Depending on the object storage provider you choose, you may gain additional integration points for the data Cryostat
exports to storage. In Backblaze B2 for example, you can set up Event Notifications as a webhook-like system to notify
another application when things change. You might choose to have B2 send a notification to another service of yours
whenever Cryostat uploads a new Flight Recorder or Heap Dump file to archives, in case you have some additional
analysis tooling that you want to build a pipeline to.

#### Recommendations

Various object storage providers also implement concepts like object lifecycles and bucket storage quotas. You should
consider how heavily you use Cryostat and how much data your usage generally produces and set quotas accordingly to
avoid accidentally using too much storage space and racking up a large bill. Using object lifecycles to manage old data,
especially large objects like Flight Recorder files and Heap Dumps, can also be very helpful. You might choose to move
files from standard storage into deep/cold storage after one week, and delete them entirely after one month, for
example. Think carefully about how these features might interact with Cryostat's
[Automated Rules](/guides/#create-an-automated-rule) and periodic archival if you choose to use them.

#### Side Effect

An interesting side-effect of using external storage in this way arises from the fact that Cryostat does not maintain
any separate metadata about what files it has uploaded to the storage buckets.
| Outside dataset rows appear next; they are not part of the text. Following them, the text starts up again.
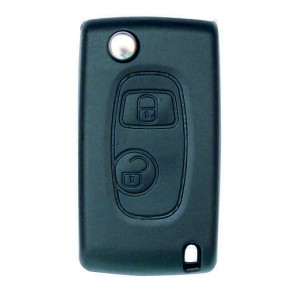 Spezial Autoschlüssel - MLHU-HCA.P2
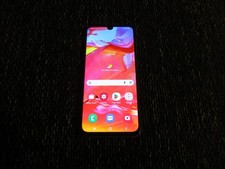 SAMSUNG GALAXY A70 Smartphone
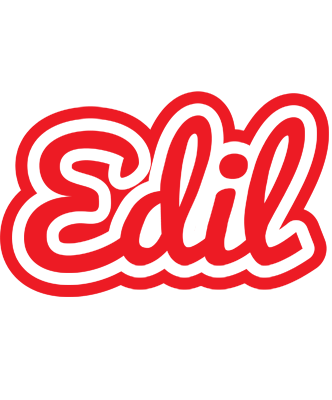Edil sunshine logo
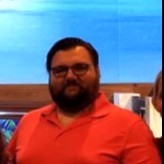 Jacob Harman
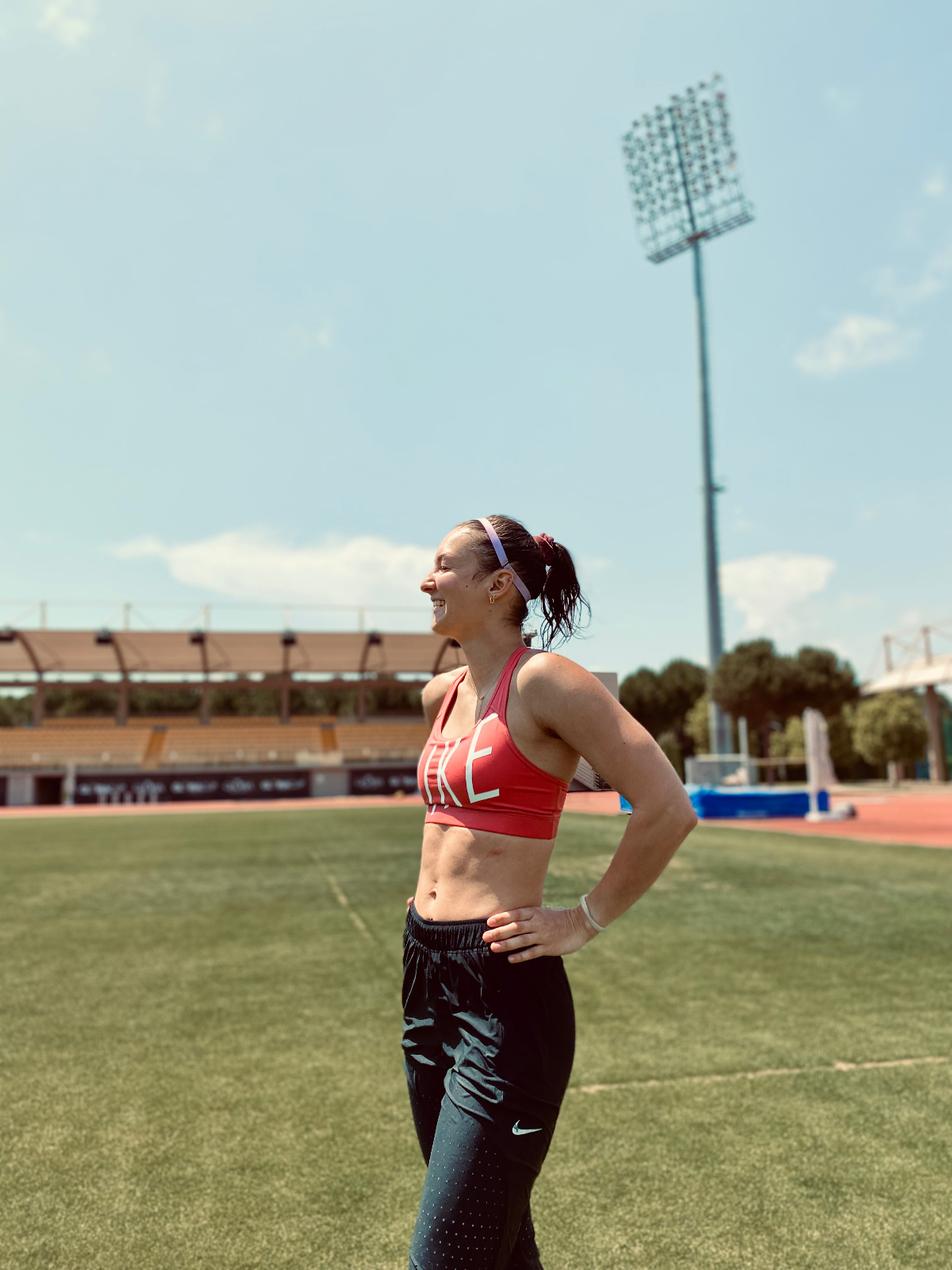 {"uploader":"Uploaded by: Katarzyna, Marcin Szczepański  pole vault from Poland"}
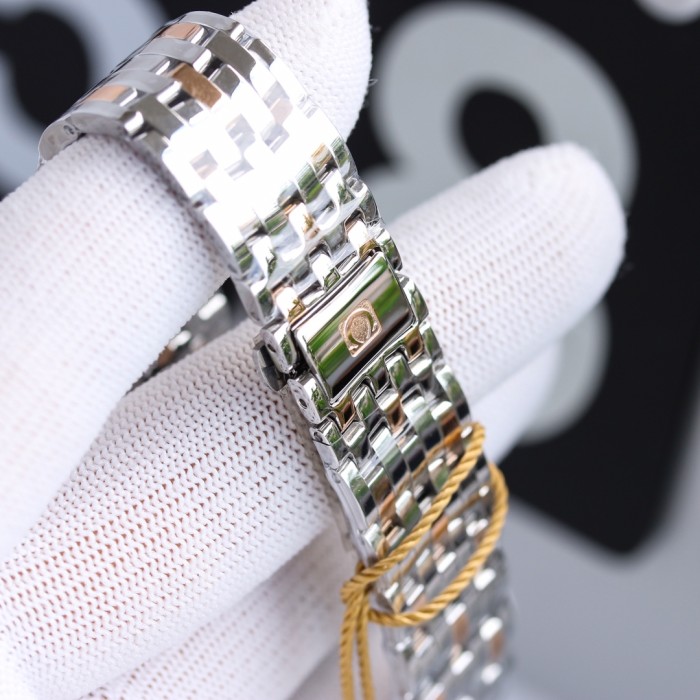 Watches OMEGA 89450168 size:39 mm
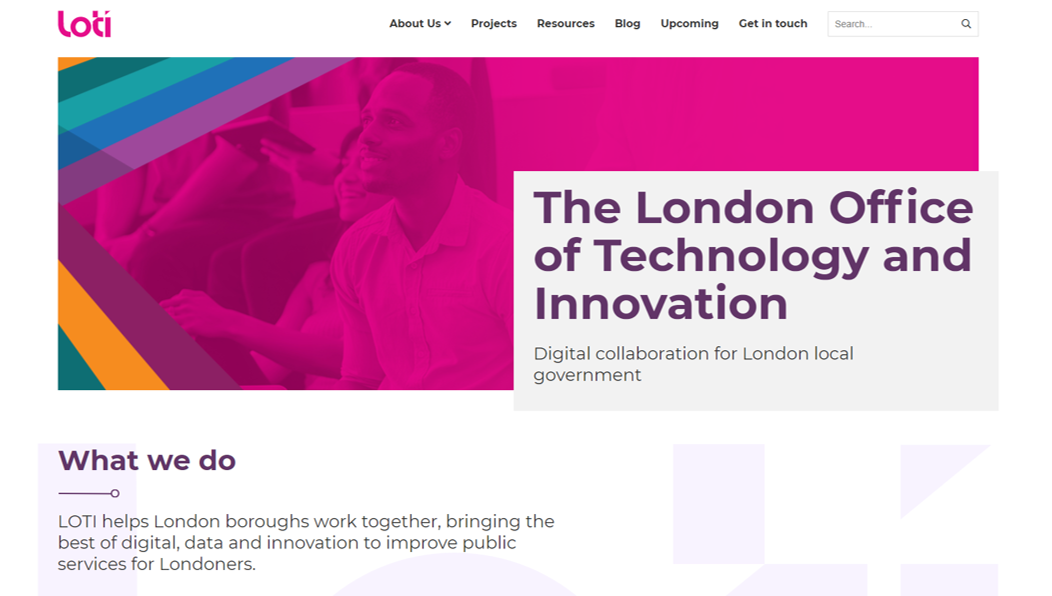 Tehnologija i inovacije proglašeni su vitalnim za oporavak Londona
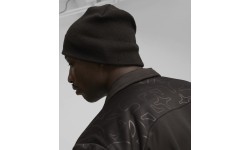Puma Individual Winterized Beanie Black 024943 01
Cryostat simply queries the storage
provider for the current bucket contents as needed. This ensures Cryostat is resilient to external modifications of the
bucket contents - which may be due to object lifecycle policies, or other applications, or users interacting directly
with the storage provider console or API - but also means that you can connect two or more Cryostat instances to the
same set of buckets using the same credentials. When Cryostat A pushes a Flight Recorder file to the shared archives,
that same file will become visible in Cryostat B's view of the archives, although Cryostat B will not produce any
notification for you that this has happened.
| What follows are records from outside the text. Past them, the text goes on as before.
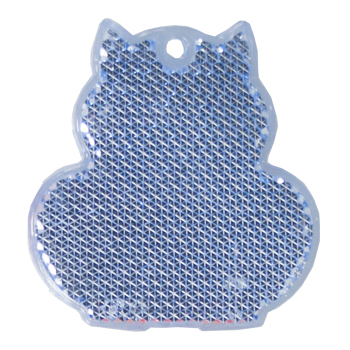Reflector, cat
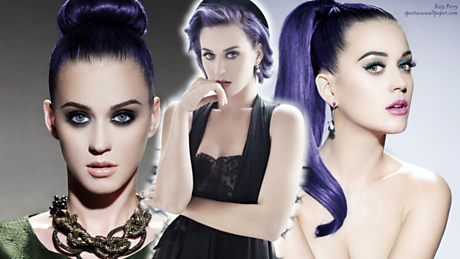 Katy Perry III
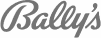 Bally's logo 1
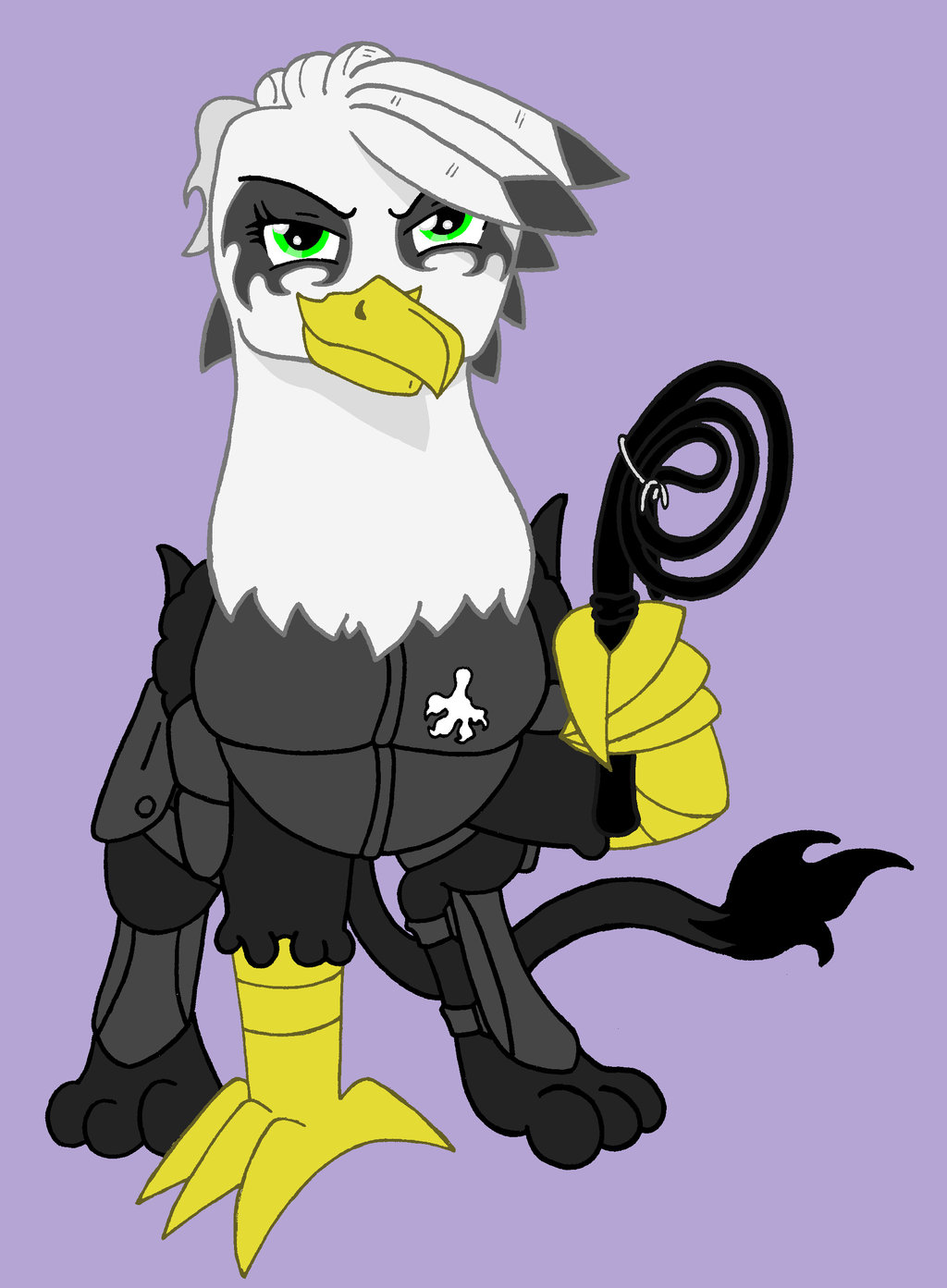 Стерн | Fallout: Equestria вики | Fandom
So one interesting use-case you might explore is to install a Cryostat A alongside your applications in Kubernetes and
have it export data to a shared storage, then run a Cryostat B in Compose on your local machine hooked up to the same
storage. These two Cryostat instances will not share a database so they will not see the same discovered targets, or
have the same Automated Rules, etc., but they will share
[Recording Archives](/guides/#all-archives-archived-recordings-view),
[Thread Dump Archives](/guides/#capture-a-thread-dump), and [Heap Dump Archives](/guides/#capture-a-heap-dump). Just
be sure to select the "All Archives" tab of each of these views.

You can then use features like [View in Grafana](/guides/#view-a-recording-in-grafana) or
[Automated Analysis](/guides/#view-automated-analysis-for-a-target) (see Step 6) and have the computation done on your
local machine instead of by the Cryostat instance installed in your cloud environment.